[REQUIREMENT]
At the line containing "4 Rustic Stumpenkerzen", begin an exact copy, and continue through the last line of the entries below. Leave out any pictures.

-- Opening Marker --

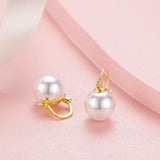925 Silver Faux Pearl Drop Dangle Earrings for Women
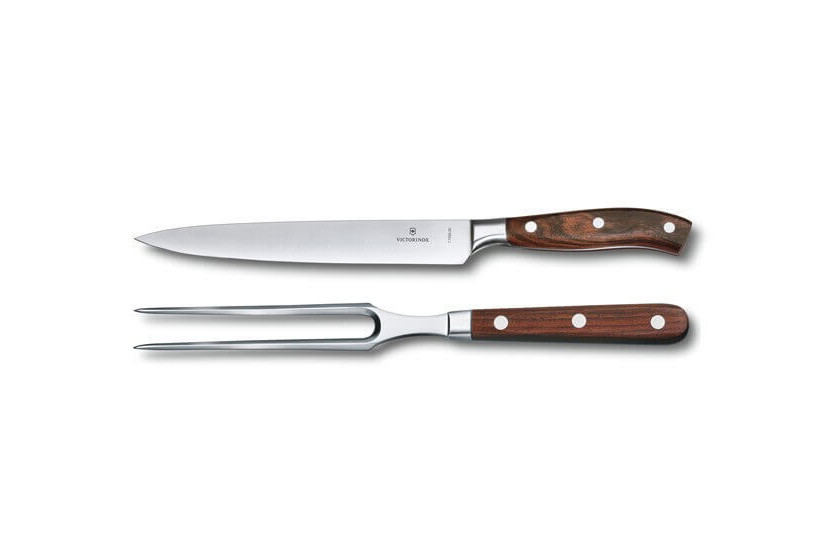 Conjunto de faca de trinchar e garfo de chef Victorinox Grand Maître Rosewood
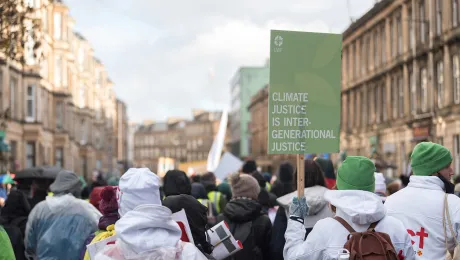 LWF youth delegates are joining a march at COP26 in Glasgow, Scotland, advocating climate justice as intergenerational justice. Photo: LWF/Albin Hillert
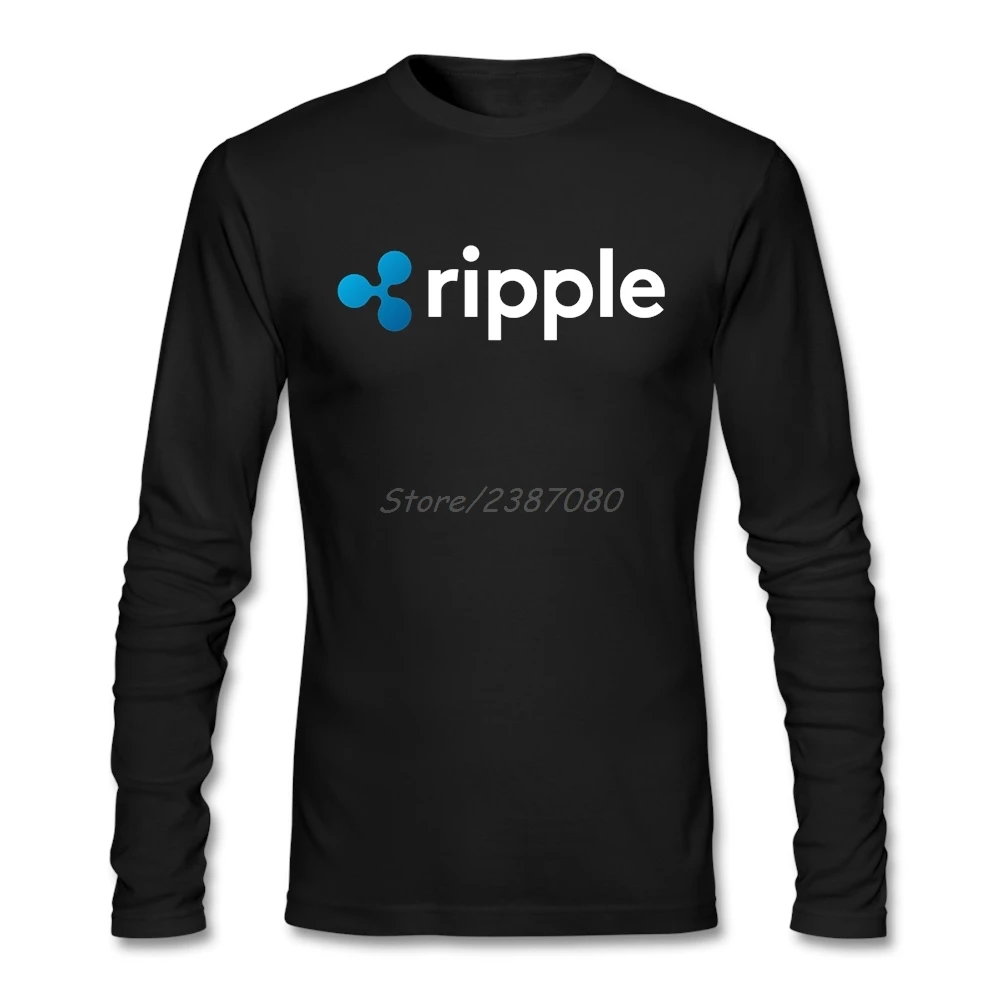 Волнистая криптовалютная футболка из хлопка с круглым вырезом Мужская длинным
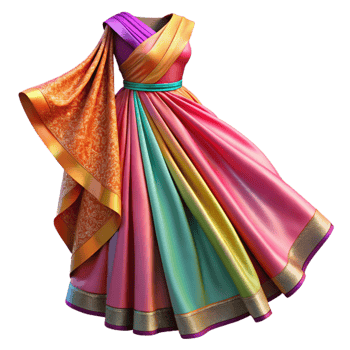 vibrant creative Sari Indian Dress Flowing Silk Bright Colors Cutout detailed png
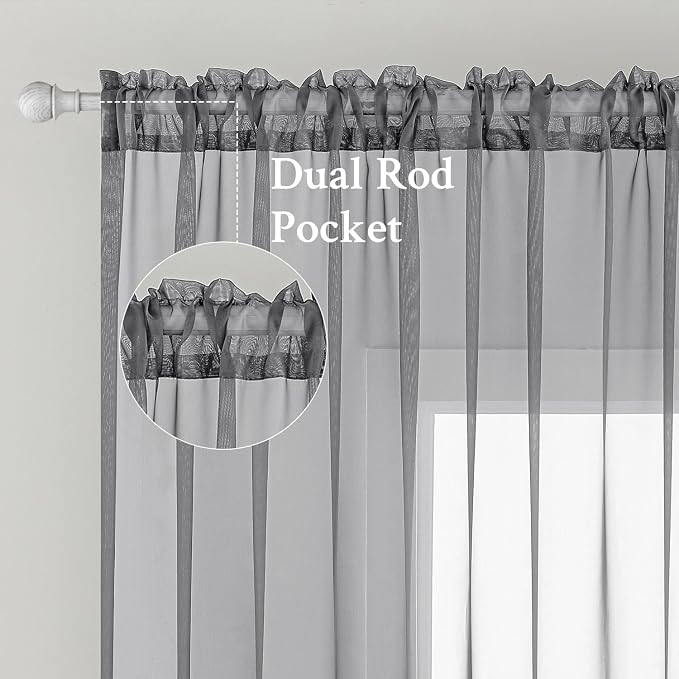 MIULEE Charcoal Grey Sheer Curtains 54 X 96 Inches, 2 Panels | Solid Color - Image 2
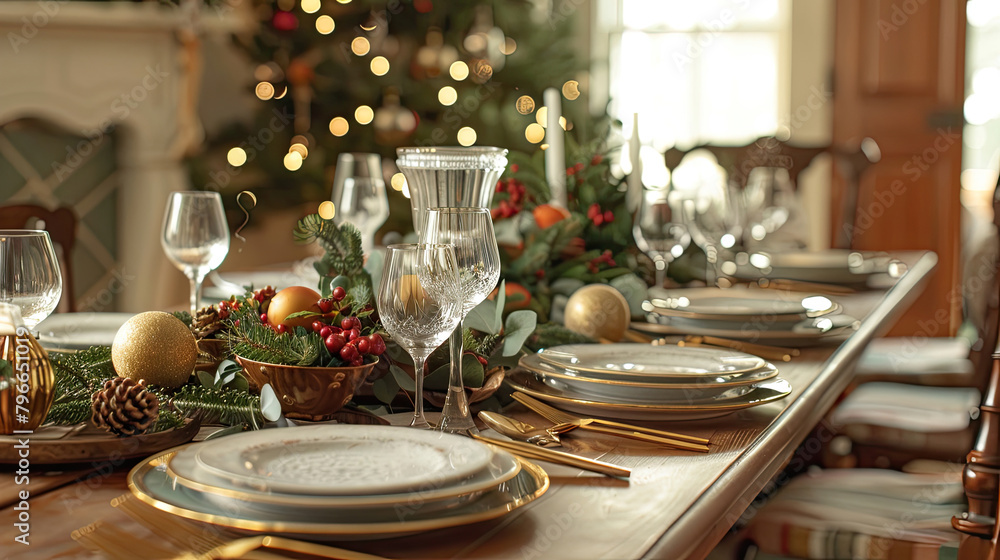 A festive table setting for a holiday meal, with a focus on the communal joy and seasonal decorations. A festive table setting for a holiday meal, with a focus on the communal joy and seasonal decorations.
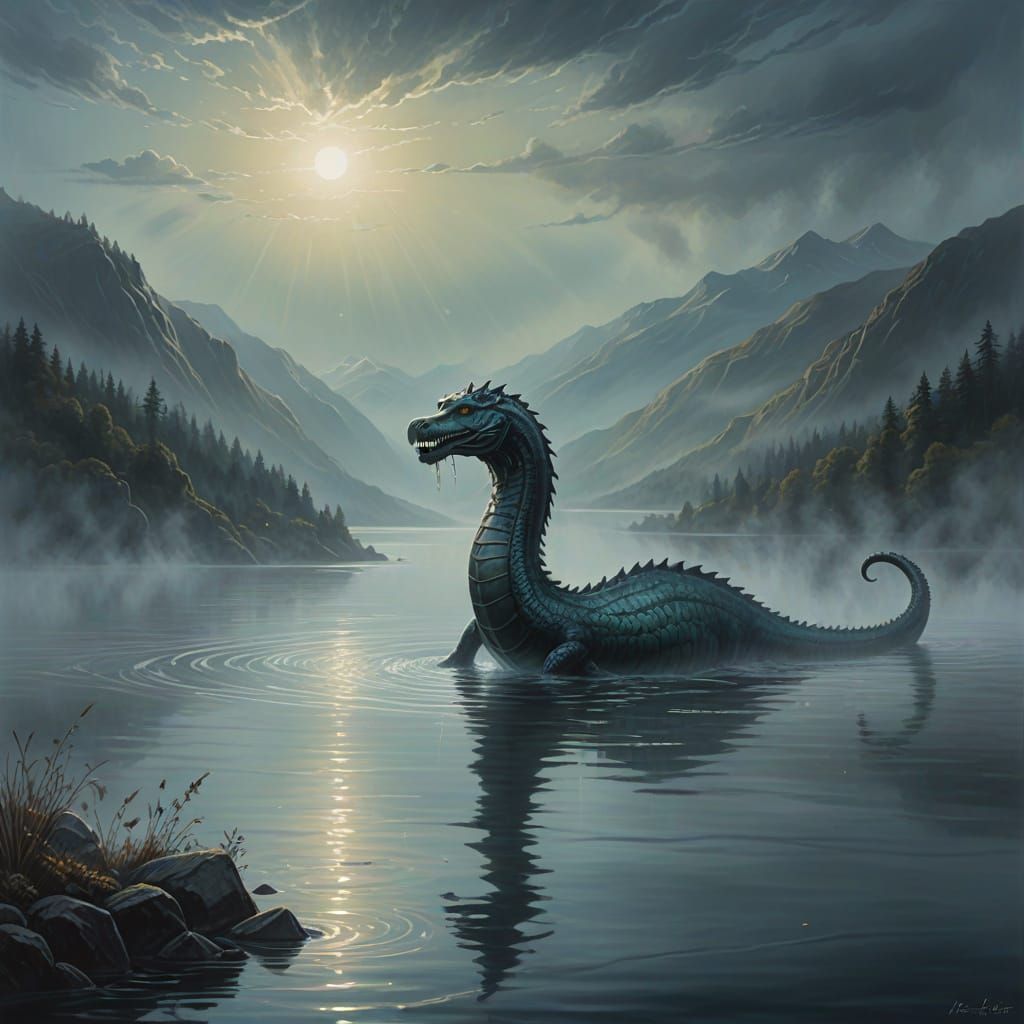 Ethereal Loch Ness Monster Surfaces in Misty Lake Oil Painti...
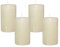 4 Rustic Stumpenkerzen Premium Kerze Creme Weiß 6x10cm - 38 Std Brenndauer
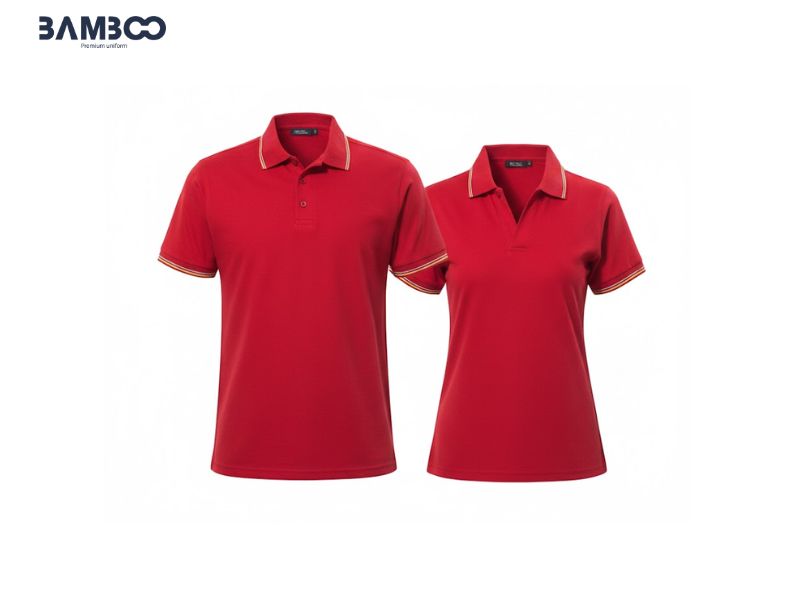 May áo thun công sở đỏ tại Bamboo Uniform đảm bảo chất lượng, bền màu, form chuẩn và dịch vụ chuyên nghiệp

-- Closing Marker --

[RESULT BELOW]
 4 Rustic Stumpenkerzen Premium Kerze Creme Weiß 6x10cm - 38 Std Brenndauer
 May áo thun công sở đỏ tại Bamboo Uniform đảm bảo chất lượng, bền màu, form chuẩn và dịch vụ chuyên nghiệp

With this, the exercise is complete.